Ace Washington Post TV columnist Lisa de Moraes has a brilliant story about the ramifications of NBC's sudden change in prime time programming.
It all started on Thursday when NBC Universal entertainment chairman Jeff Gaspin said his network would no longer program to profit margins.
And that could spell the end of Jay Leno's faltering prime time talk show.
Simply stated (according to Gaspin): "The goal...is to put the best possible programs we can on the air."
NBC's Leno strategy called for the former Tonight Show to host the faltering 10 p.m. lineup because NBC's costly drama series just were not making it in the ratings.
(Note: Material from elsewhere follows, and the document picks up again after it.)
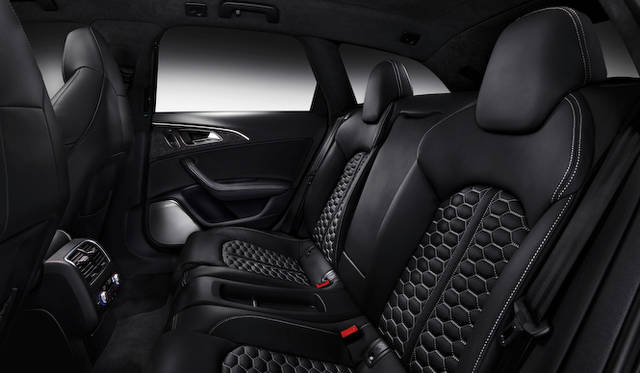 <strong>Audi RS6 Avant｜アウディ RS6 アバント</strong>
The peacock proud network figured a show as cheap as Leno could still make a profit even when finishing third or even fourth on a competitive prime time night.
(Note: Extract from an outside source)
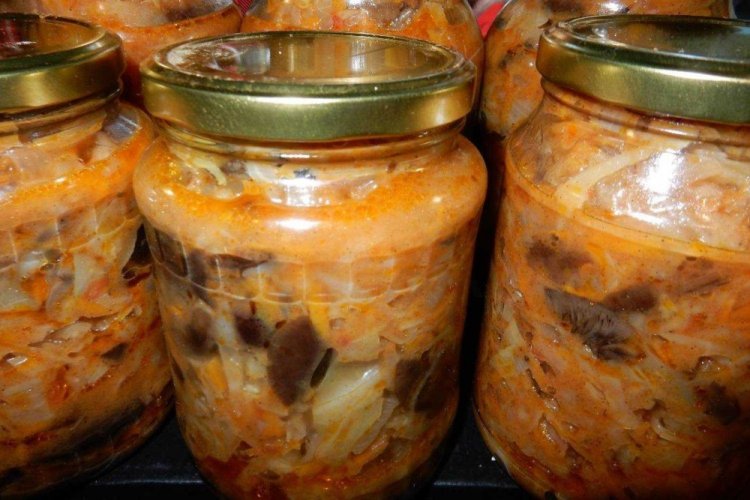 Солянка из квашеной капусты на зиму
But NBC bosses are hating the idea of a fourth place finish.
In fact Leno is getting creamed during the baseball playoffs. On other nights he fares just as poorly.
And NBC affiliates are hollering about the low ratings they're pulling in which impact on their 11 p.m. local newscasts.
Only last week NBC dropped its proposed second season of the low rated police series Southland although six hour episodes had already been shot.
The equally low rated but inexpensive Dateline NBC will instead continue in the Friday night slot.
NBC sources say Leno will continue for this season because NBC needs five hour dramas to fill the 10 p.m. slot.
But what about September 2010. What will happen to Jay then?